WOD couldn't let a mention of John Adams go by without paying tribute to what came before, and his contemporaries.
Most of the music will be NON-vocal, and "minimalist" in nature, although this isn't "one-key" himself Philip Glass. (who I LIKE, btw, but if another musical key bit him in the ass, he wouldn't know what to do with it)
Arvo Part - an Estonian monk who writes brilliant, quiet (VERY QUIET) introspective music.
1- Cantus in the memory of Benjamin Britten (VERY QUIET - turn up your speakers - the bells at the end are so worth it)
2 - Tabula Rasa - I first heard this on a college alternative station in the 1980's. It is such an amazing piece of music that it goes without description. But again, VERY quiet - it builds much like the "Bolero" does.
John Adams - probably the foremost opera composer in the US today, following a tradition of writing operas about modern subjects. "Nixon In China", anyone? This selection is from his Harmonium - Wild Nights. Enjoy.
Benjamin Britten - Can't play a Cantus about him without bringing the master himself along. His opera A Midsummer Night's Dream, while abbreviated, is a fairly solid interp. of Shakespeare. Oberon the fairy king is traditionally played as a "trouser" role, Brian Asawa countertenor sings the Fairy King. (one I used for auditions - to this day, I still consider it my best acted/sung audition piece) Here we listen to Oberon give Puck his fateful instructions in "Welcome, wanderer!"
Franz Lehar - why is the operetta king in here? Well, something vocal needed to find its way in here, and why NOT a frothy, fun duet from the waltzing operetta master? Wie ein Rosenknopz sung by Barbara Bonney and Bo Skovhus.

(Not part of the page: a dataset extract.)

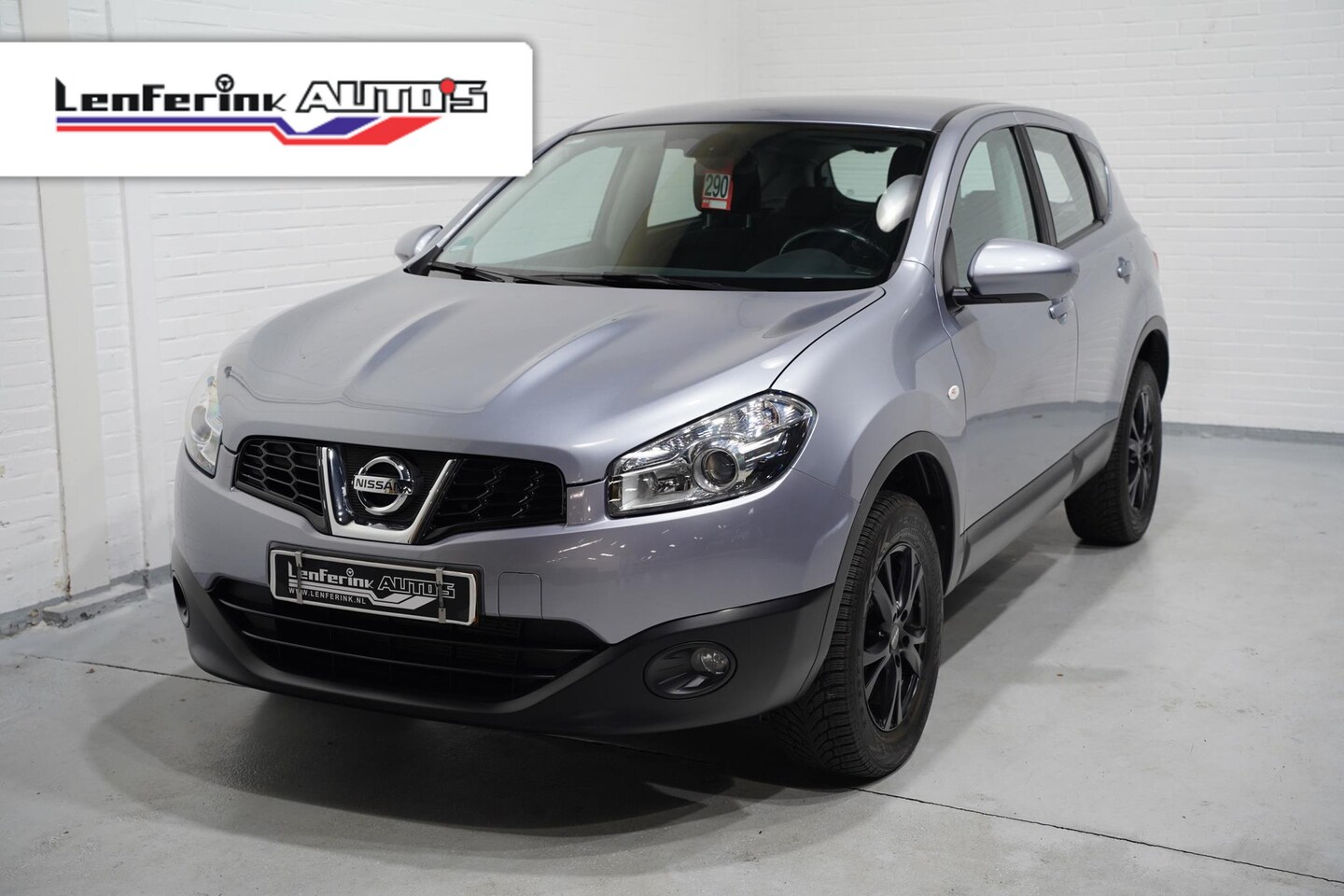 Nissan Qashqai - 2.0 Accenta 4x4 Clima PDC - AutoWereld.nl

Even though Offenbach is from the 19 century and not a modernist by todays title, he really is the only other composer besides Verdi who could write sung-through pieces for multiple voices the way Mozart taught them all, Mozart still being the Grand Master of the technique. Act 2 of Les Contes D'Hoffmann (also known as the "Antonia" act) Oeser version, Jose VanDam and Neil Shicoff as Dr. Miracle and Hoffmann, and Kurt Rydl as Crespel.
Michael Nyman - yes, we ALL saw "The Piano" and loved it - but MN has been around for quite some time, mostly as house composer to filmmaker Peter Greenaway. This selection is from another Shakespeare piece, Greenaway's "Prospero's Books" a fairly lurid and not particularly well-done version with Sir John Gielgud as Prospero and MN providing musical accompaniment - this vocal selection is "The Masque", which closes out the soundtrack. Ute Lemper, Marie Angel, and Deborah Conway sing the goddesses.
The closing music every week on "WOD", whether you are online or listening live to my Tuesday Broadcast, is Wagner's Prelude to Act 3, Tristan und Isolde. Just you try and write something this moving - go on, that's an official double-dog dare.